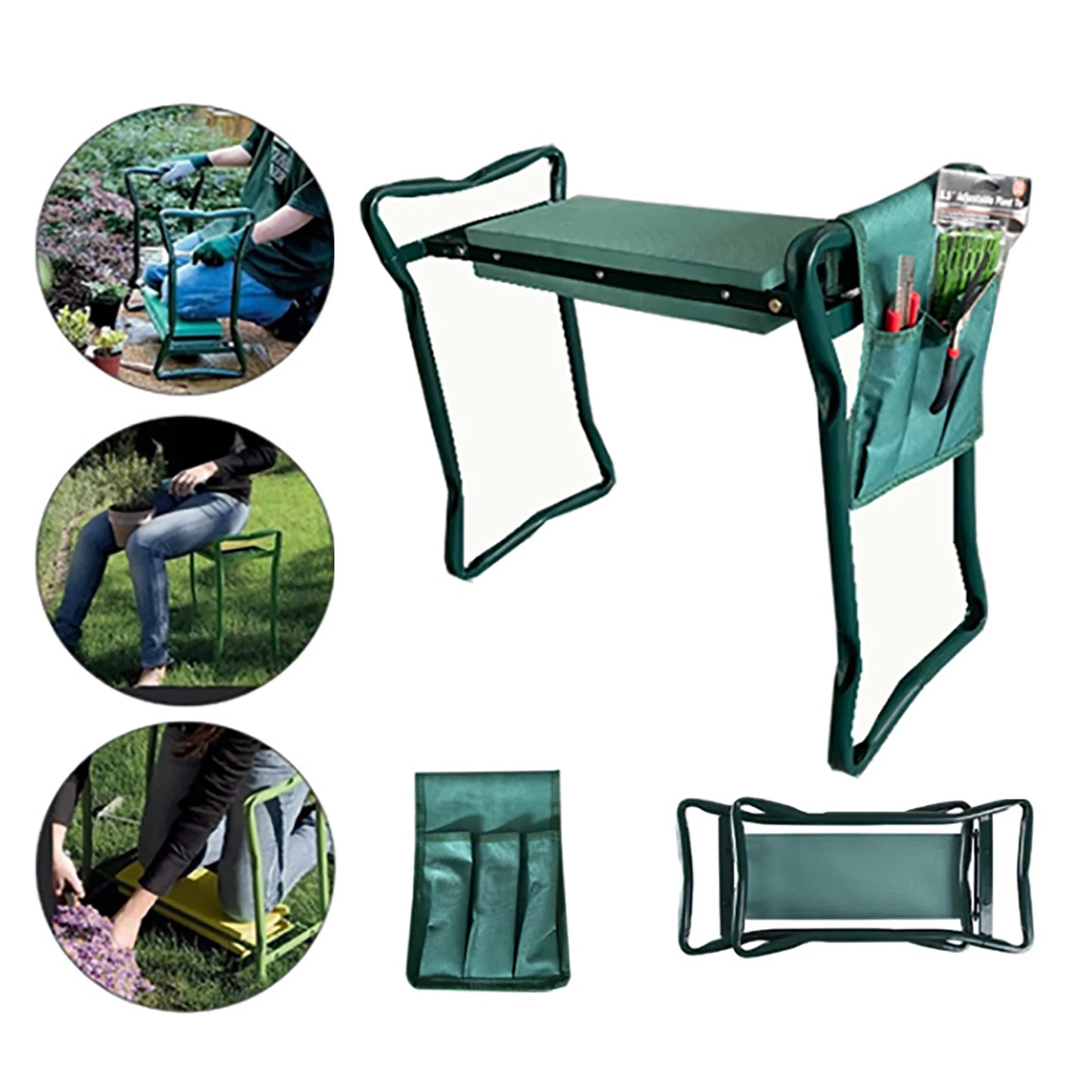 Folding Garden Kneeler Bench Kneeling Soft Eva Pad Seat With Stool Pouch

-=-=-=-=-

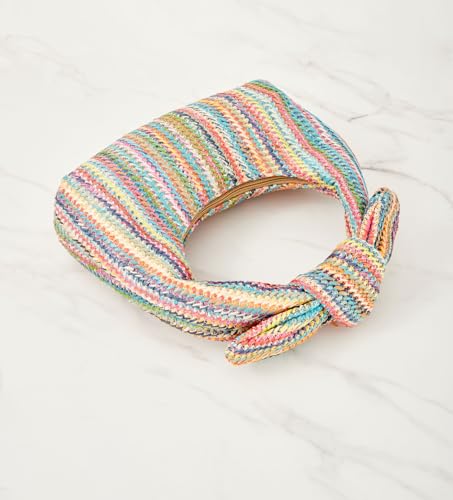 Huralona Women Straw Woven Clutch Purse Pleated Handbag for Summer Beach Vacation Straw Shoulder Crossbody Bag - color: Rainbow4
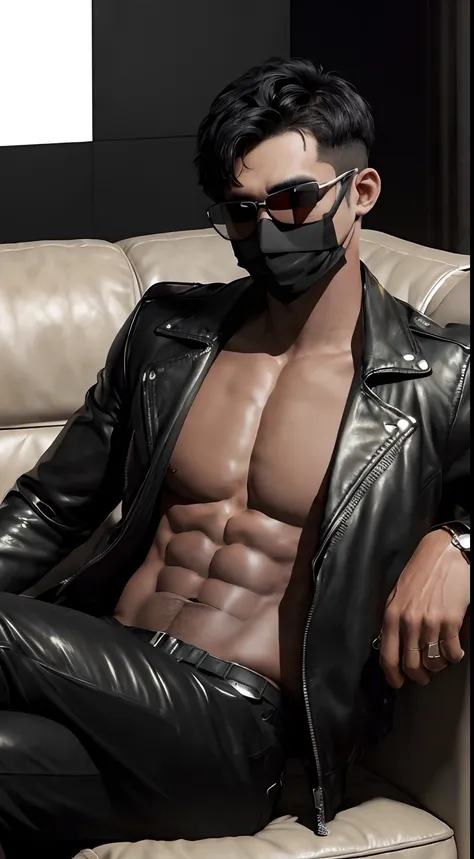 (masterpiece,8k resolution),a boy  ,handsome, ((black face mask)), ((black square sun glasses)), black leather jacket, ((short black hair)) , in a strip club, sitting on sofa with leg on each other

-=-=-=-=-

[TASK REQUIREMENTS] Return the material from the line containing "Huralona Women Straw" through the line containing "(masterpiece,8k resolution),a boy", exactly and in full, but without its pictures.

[SOLUTION FOR THIS TASK]
 Huralona Women Straw Woven Clutch Purse Pleated Handbag for Summer Beach Vacation Straw Shoulder Crossbody Bag - color: Rainbow4
 (masterpiece,8k resolution),a boy  ,handsome, ((black face mask)), ((black square sun glasses)), black leather jacket, ((short black hair)) , in a strip club, sitting on sofa with leg on each other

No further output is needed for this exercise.